# Looking for Live broadcast of Redskins at Jets preseason game



## jorb (Mar 22, 2008)

I live in Wisconsin and would like to watch a live broadcast of the Redskins at Jets Saturday, Aug. 16, 7 p.m. ET preseason football game.

WCBS ch. 2 New York broadcast the Jets preseason games and WUSA ch. 9 Washington, D.C broadcast the Redskins preseason games.

Is there away to watch the game LIVE off satellite.

THANKS,


----------



## hdtvfan0001 (Jul 28, 2004)

I had heard rumors NFL Network was looking to pick up that game...maybe check their Website...


----------



## Steve615 (Feb 5, 2006)

hdtvfan0001 said:


> I had heard rumors NFL Network was looking to pick up that game...maybe check their Website...


As of this time,the only live game scheduled Saturday for NFL Network is Dallas vs. Denver at 9 PM EDT.

http://www.nfl.com/nflnetwork/networkschedule?selectedDate=08/16/2008&field=selectedDate


----------



## Steve615 (Feb 5, 2006)

According to the Jets website,all of their preseason games will be televised by WCBS.

http://www.newyorkjets.com/game/schedule/


----------



## dcowboy7 (May 23, 2008)

Steve615 said:


> As of this time,the only live game scheduled Saturday for NFL Network is Dallas vs. Denver at 9 PM EDT.


NFLN has changed their schedule....they will show the [email protected] LIVE saturday 8/16 at 7:00pm et.

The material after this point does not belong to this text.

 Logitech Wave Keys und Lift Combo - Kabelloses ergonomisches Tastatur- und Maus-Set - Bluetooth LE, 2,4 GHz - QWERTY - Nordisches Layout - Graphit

http://www.jsonline.com/story/index.aspx?id=782001


----------



## hdtvfan0001 (Jul 28, 2004)

dcowboy7 said:


> NFLN has changed their schedule....they will show the [email protected] LIVE saturday 8/16 at 7:00pm et.
> 
> http://www.jsonline.com/story/index.aspx?id=782001


Told ya so...... :lol:


----------